I'm scraping text from a webpage using lxml and requests. All of the text that I want is under <p> tags. When I use contents = tree.xpath('//*[@id="storytext"]/p/text()'), contents only includes text that is not in <em> or <strong> tags. But when I use contents = tree.xpath('//*[@id="storytext"]/p/text() | //*[@id="storytext"]/p/strong/text() | //*[@id="storytext"]/p/em/text()'), the text in <em> and <strong> tabs is separated from the rest of the text in that <p> tag.

I would like to:

  1. scrape each <p> as a unit, including all its text (whether plain or <em> or <strong>), and

  2. keep the <em> and <strong> tags so that I can use them later to format the text I've scraped.

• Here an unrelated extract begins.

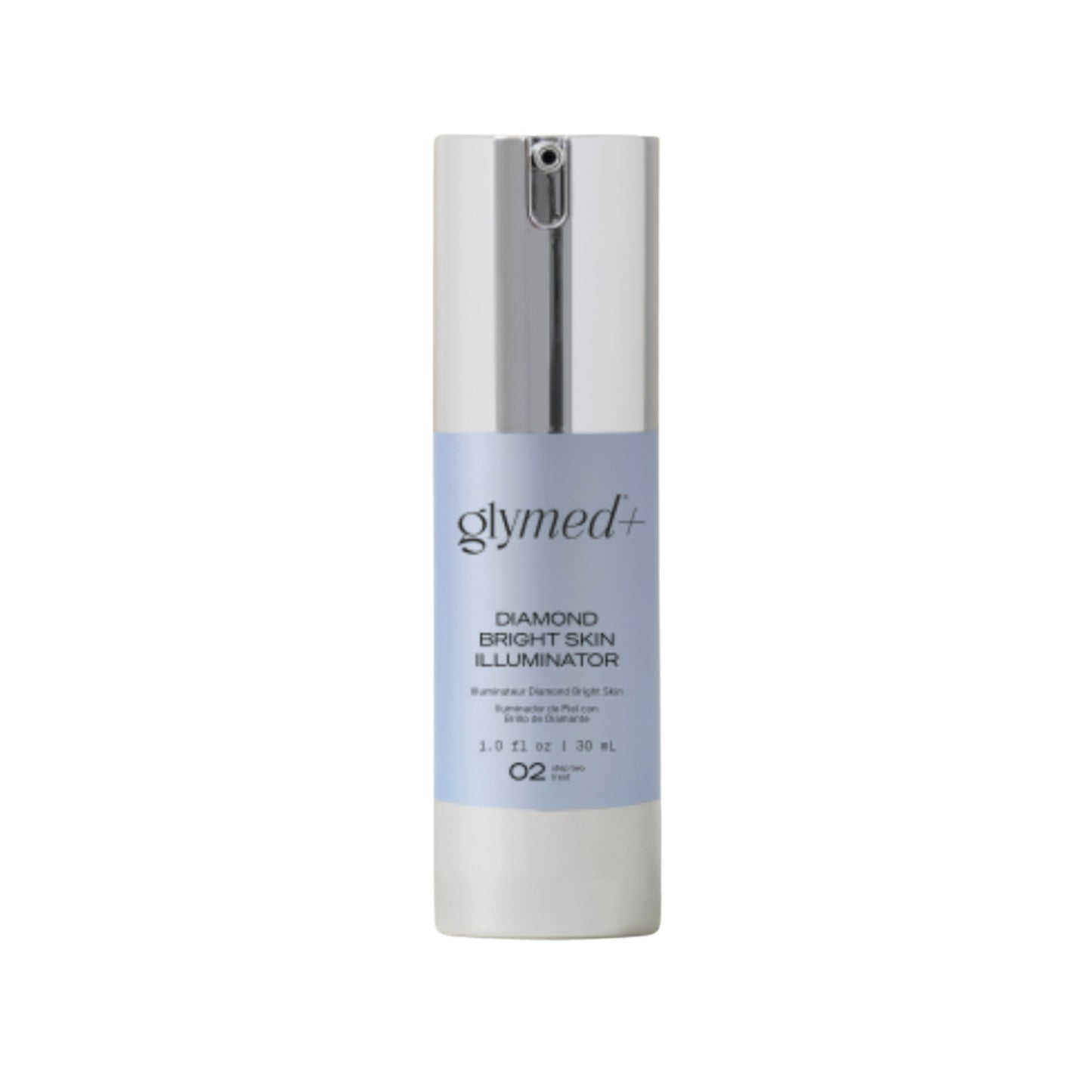 DIAMOND BRIGHT SKIN ILLUMINATOR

Sample html: <div id="storytext"><p>"Go <em>away!</em>" His voice was drowned out by the mixer. She didn't even <em>hear</em> him. He could scrub it all day, probably, and Esti would just say <em>can't you do anything</em>? He scowled fiercely at the dirt.</p></div>

Desired output: "Go <em>away!</em>" His voice was drowned out by the mixer. She didn't even <em>hear</em> him. He could scrub it all day, probably, and Esti would just say <em>can't you do anything</em>? He scowled fiercely at the dirt.

1 Answers

0
QHarr On

If only those between you could use bs4 and replace to remove the p open and close tags

from bs4 import BeautifulSoup as bs

html = '''
<div id="storytext"><p>"Go <em>away!</em>" His voice was drowned out by the mixer. She didn't even <em>hear</em> him. He could scrub it all day, probably, and Esti would just say <em>can't you do anything</em>? He scowled fiercely at the dirt.</p></div>
'''

soup = bs(html,'lxml')

for item in soup.select('p'):
    print(str(item).replace('<p>','').replace('</p>',''))

Using requests to source html

import requests
from bs4 import BeautifulSoup as bs

r = requests.get('url')
soup = bs(r.content, 'lxml')
for item in soup.select('p'):
    print(str(item).replace('<p>','').replace('</p>',''))